Note that when multiple image are used in the expression, there is no strict rule which of those images will be used to create the metadata of the output image, unless imagemd is specified. If imagemd is specified, the following rules of metadata copying will be followed:

  1. The pixel data type of the image specified by imagemd and the output image must be the same.
  2. The metadata copied include
    • the coordinate system - thus, the dimensionality of the output image must correspond to the coordinate system to be copied
    • the image_info record - which contains information like the beam(s)
    • the misc_info record - if one exists in the image specified by imagemd
    • the units.
  3. If the output image is a spectral index image, the brightness units are set to the empty string.
  4. If the ouptut image is a polarization angle image, the brightness unit is set to "deg" and the stokes coordinate is set to have a single plane of type of Pangle.



It is often necessary for this task to create intermediate, temporary disk images. The names of these images start with '_immath' and are created in the directory in which the task is run. The task makes reasonable attempts to remove these images before it exits, but there are conceivably instances where the temporary images may not be automatically deleted. If there is no immath instance in progress, it is generally safe to delete these files manually.


Task-specific Parameter Summary


Mode of operation.
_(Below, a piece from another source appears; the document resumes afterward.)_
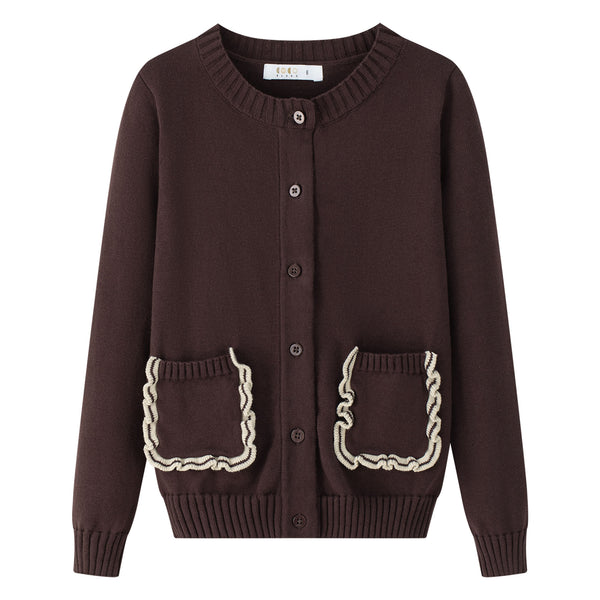 Coco Blanc Girls Cardigan Burgundy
Supported values are 'evalexpr' (evaluate an LEL expression), 'spix' (spectral index computation, although see also task spxfit for a more robust algorithm), 'pola' (polarization angle), and 'poli' (total polarization intensity).


Used when mode='evalexpr'. LEL expression to compute.


List of normally short strings corresponding to the images given in imagename that can alternatively be used for the image names given in expr when mode='evalexpr'.


Used if mode = 'poli'. Standard deviation of noise for debiasing.


Used if mode = 'pola'. Threshold in linear polarization intensity image below which to mask pixels.


Name of image from which metadata should be copied to the output image. The input can be either an image listed in the imagename parameter or any other image on disk. Not specifying this parameter may copy header metadata from any of the input images, which one is not guaranteed.


Specifies what the precision type, float or double (minimum match supported), should be for the output image. Only used if mode='evalexpr' or 'spix'.